It’s okay, honey don’t you see? It’s good for Amy to talk any way she wants. It’s good for her to feel bad. Everything’s good. Everything
has
to be good.”

Anthony’s mother was pale. And so was Aunt Amy the peril of the moment had suddenly penetrated the clouds surrounding her mind. Sometimes it was difficult to handle words so that they might not prove disastrous. You just never
knew.
There were so many things it was wise not to say, or even think—but remonstration for saying or thinking them might be just as bad, if Anthony heard and decided to do anything about it. You could just never tell what Anthony was liable to do.

Everything had to be good. Had to be fine just as it was, even if it wasn’t. Always.

Because any change might be worse. So terribly much worse.

“Oh, my goodness, yes, of course it’s good,” Mom said. “You talk any way you want to, Amy, and it’s just fine. Of course, you want to remember that some ways are
better
than others.”

Aunt Amy stirred the peas, fright in her pale eyes.

“Oh, yes,” she said. “But I don’t feel like talking right now. It it’s
good
that I don’t feel like talking.”

Dad said tiredly, smiling, “I’m going out and wash up.”

They started arriving around eight o’clock. By that time Mom and Aunt Amy had the big table in the dining room set, and two more tables off to the side. The candles were burning, and the chairs situated, and Dad had a big fire going in the fireplace.

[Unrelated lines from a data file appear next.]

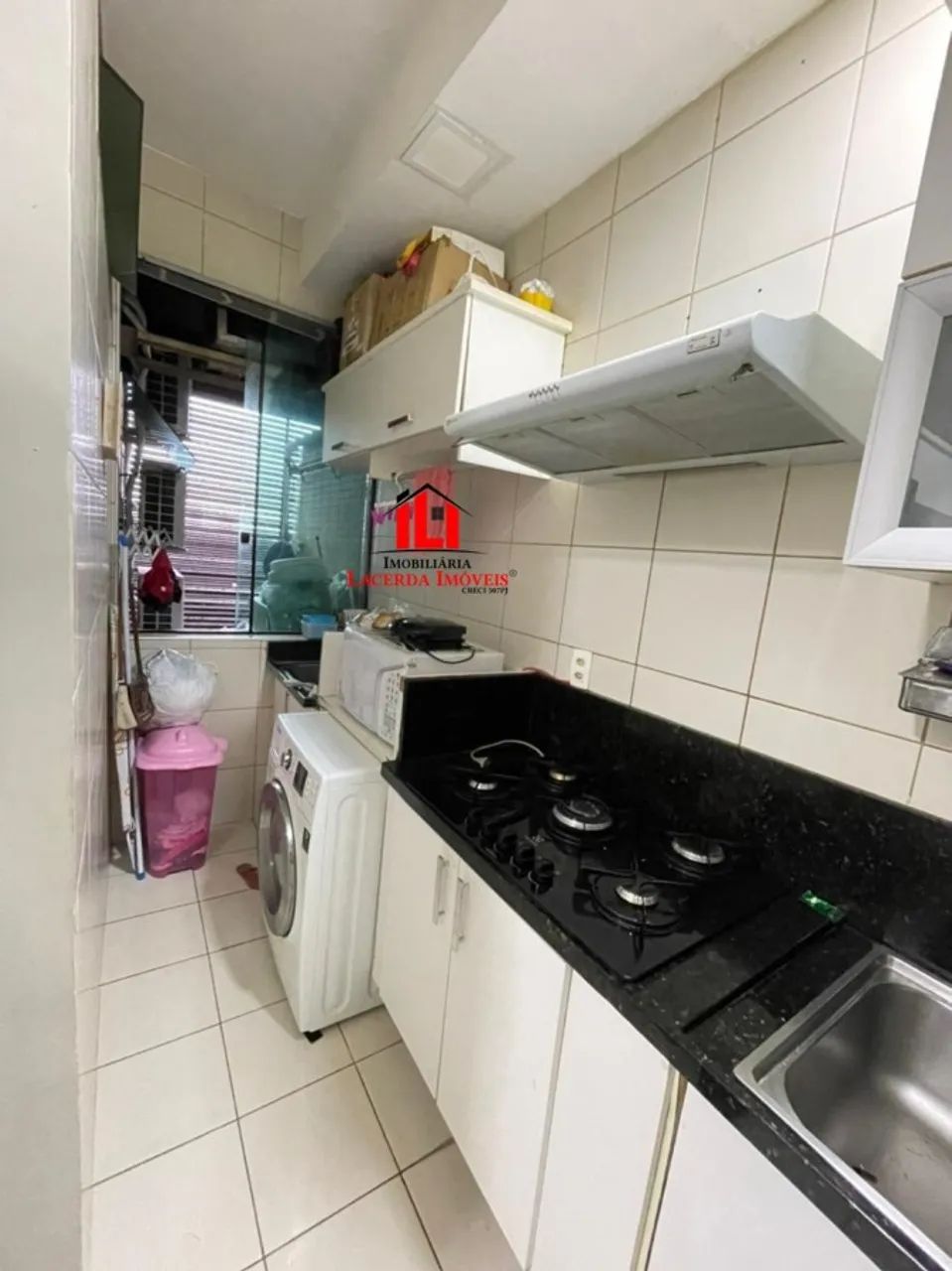 Ilhas Gregas, 94m², Apartamento com 3 quartos sendo 2 suítes semimobiliado - Foto 4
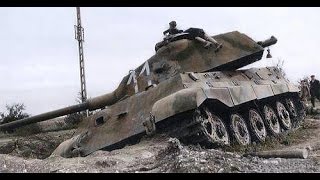 НАХОДКИ ВОВ,ТАНК С БОЛОТА! В поисках Золота и Старины .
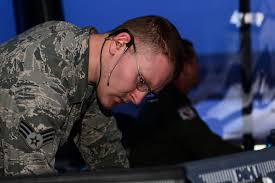 ATC directs air traffic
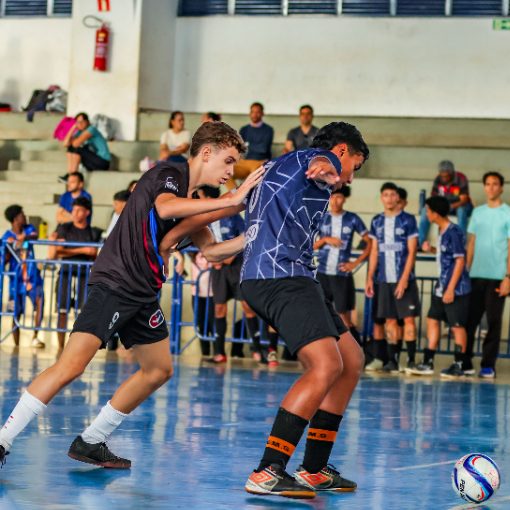 Copertura dell'evento CEMSO X BATISTA- GIN CRZ - MASC 15/17 - JEDF    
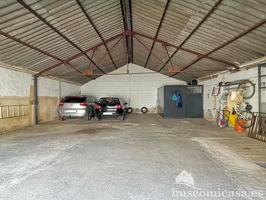 Nave Industrial en venta en Linares de 108 m2 photo 0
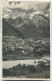 Hall In Tirol - Foto-Ansichtskarte - Verlag A. Riepenhausen Hall 1934 - Hall In Tirol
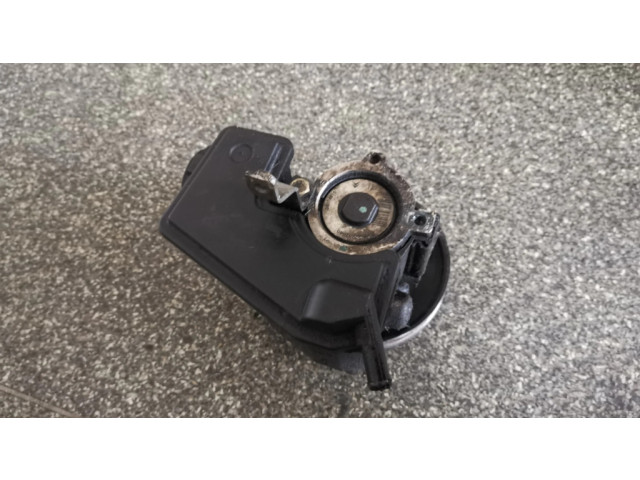 Насос усилителя руля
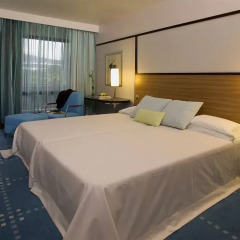 Pestana Casino Park Hotel & Casino комната для гостей фото 3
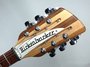 Rickenbacker 370/12 , Mapleglo: Headstock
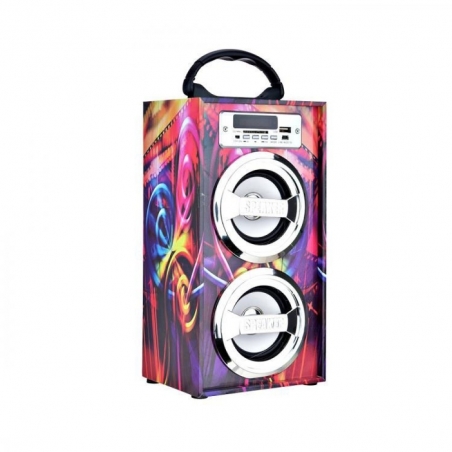 Prenosima-mini-tonkolona-KC-55-Speaker-s-BLUETOOTH-RADIO-SD-USB-port-i-svetlinni-efekti-KC-55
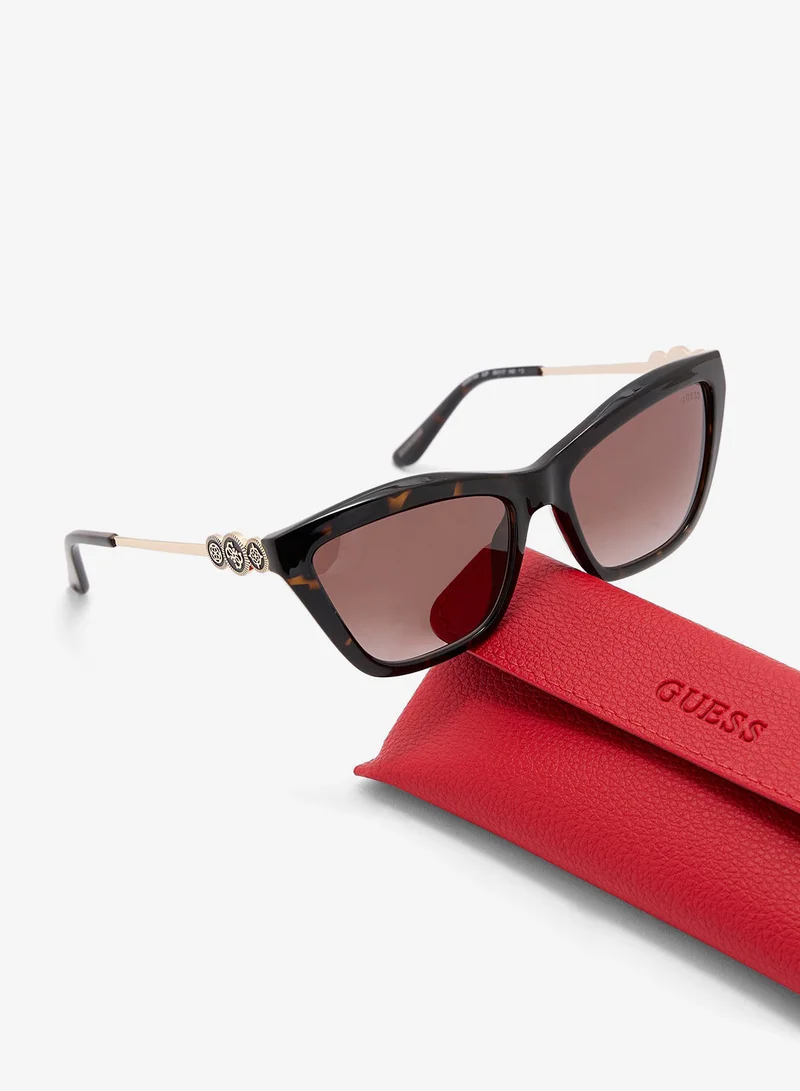 Guess  Cateye Sunglasses for Women | Best Price UAE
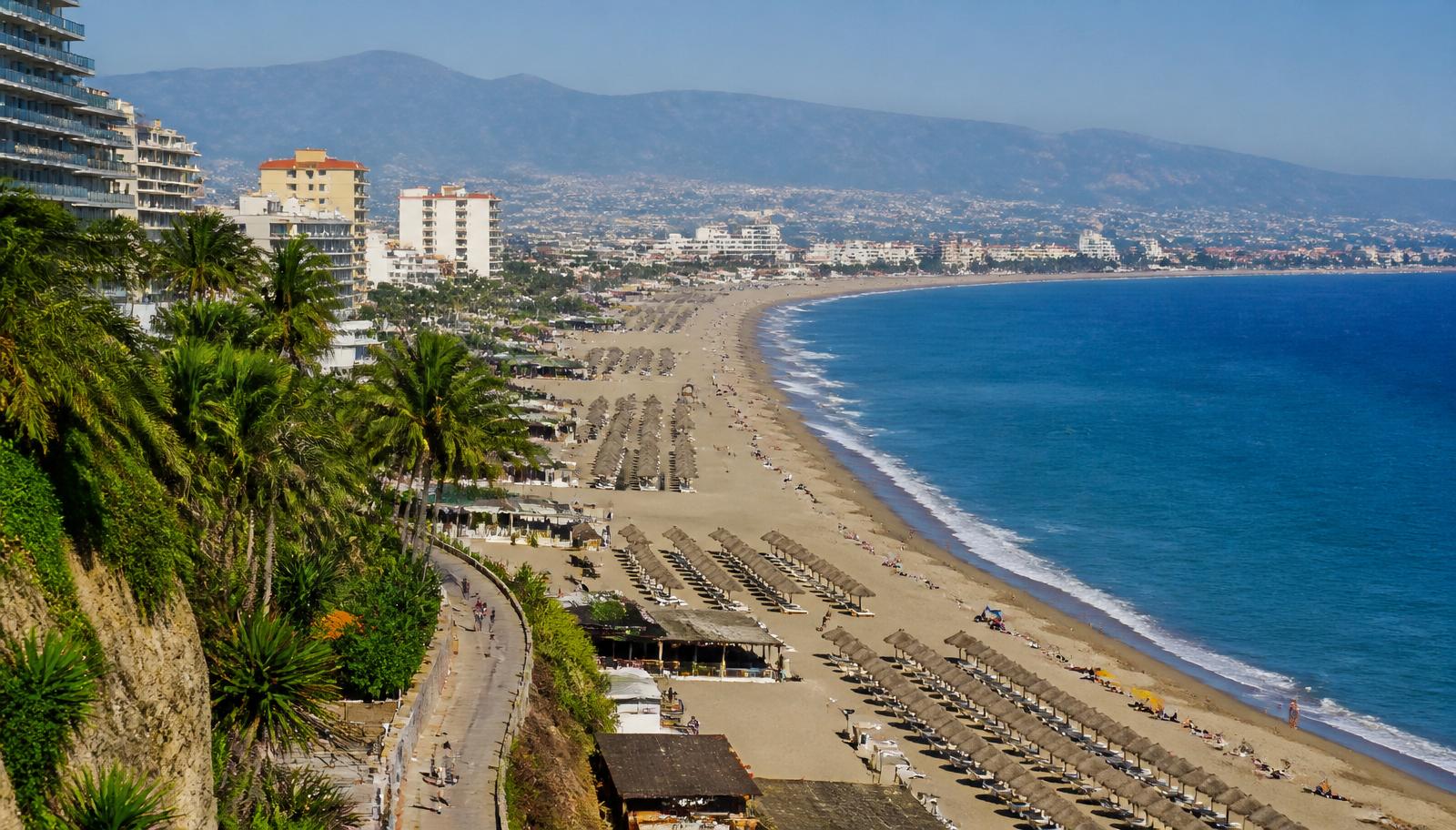 Torremolinos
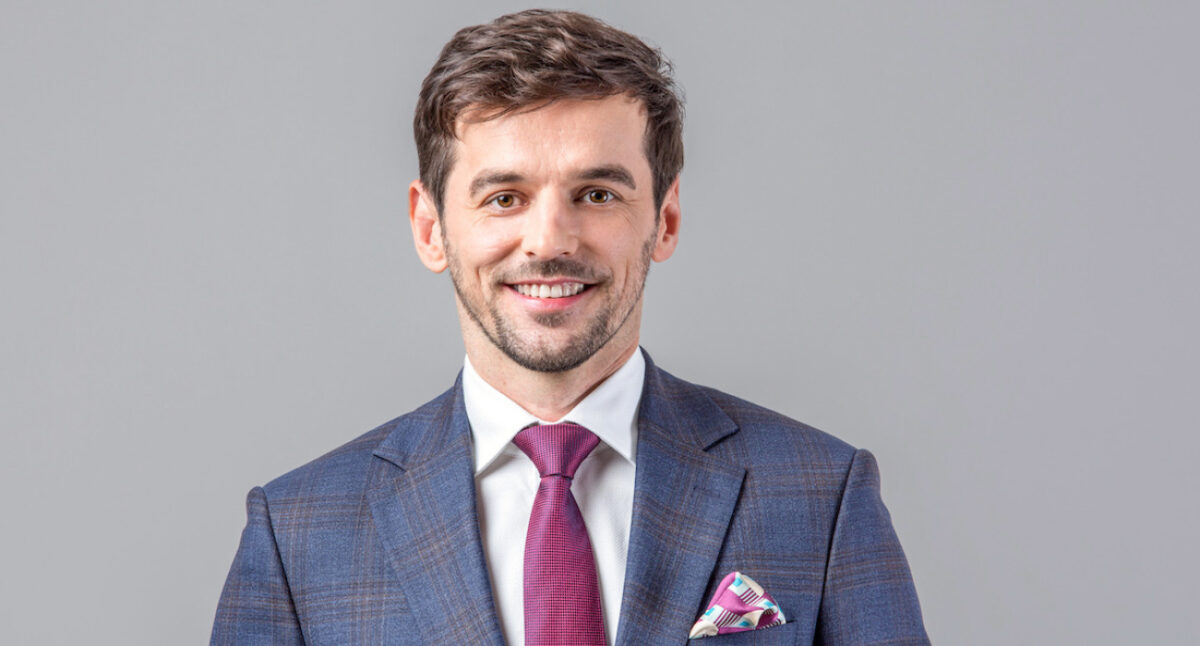 Wrocławski startup Healthcann zapowiada kampanię crowdfundingową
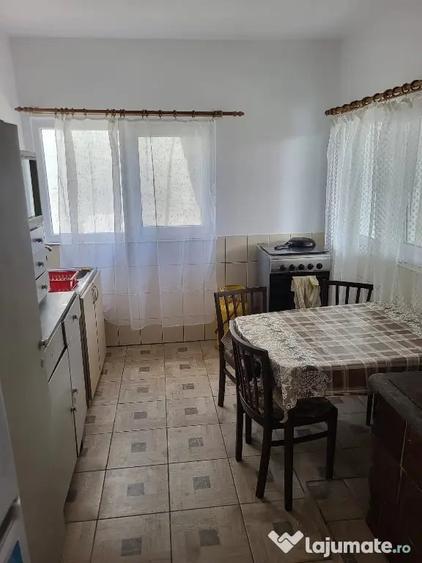 Casă cu 4 camere în Banloc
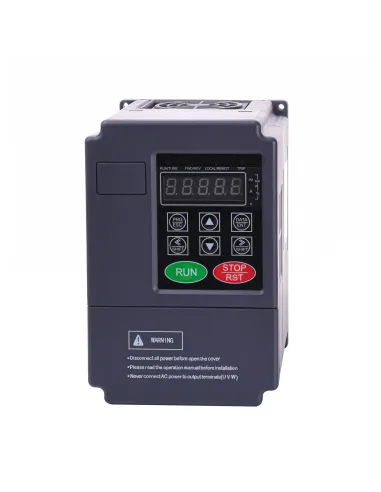 Частотний перетворювач Optima B603-2003 для 3-фазних насосів, 2.2 кВт - 3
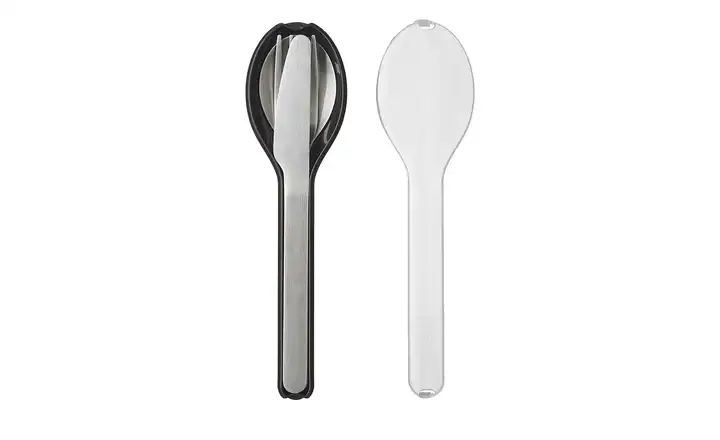 MepalBesteckset "To Go" Ellipse Neueste Stile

The first to arrive were the Sipiches, John and Mary. John wore his best suit, and was well scrubbed and pink-faced after his day in McIntyre’s pasture. The suit was neatly pressed but getting threadbare at elbows and cuffs. Old McIntyre was working on a loom, designing it out of schoolbooks, but so far it was slow going. McIntyre was a capable man with wood and tools, but a loom was a big order when you couldn’t get metal parts. McIntyre had been one of the ones who, at first, had wanted to try to get Anthony to make things the villagers needed, like clothes and canned goods and medical supplies and gasoline. Since then he felt that what had happened to the whole Terrance family and Joe Kinney was his fault, and he worked hard trying to make it up to the rest of them. And since then no one had tried to get Anthony to do anything.

Mary Sipich was a small, cheerful woman in a simple dress. She immediately set about helping Mom and Aunt Amy put the finishing touches on the dinner.

The next arrivals were the Smiths and the Dunns, who lived right next to each other down the road, only a few yards from the nothingness. They drove up in the Smiths’ wagon, drawn by their old horse.

Then the Reillys showed up, from across the darkened wheat-field, and the evening really began. Pat Reilly sat down at the big upright in the front room and began to play from the popular sheet music on the rack. He played softly, as expressively as he could—and nobody sang. Anthony liked piano playing a whole lot, but not singing; often he would come up from the basement, or down from the attic, or just
come,
and sit on top of the piano, nodding his head as Pat played “Lover” or

“Boulevard of Broken Dreams” or “Night and Day.” He seemed to prefer ballads, sweet-sounding songs—but the one time somebody had started to sing, Anthony had looked over from the top of the piano and done something that made everybody afraid of singing from then on. Later they’d decided that the piano was what Anthony had heard first, before anybody had ever tried to sing, and now anything else added to it didn’t sound right and distracted him from his pleasure.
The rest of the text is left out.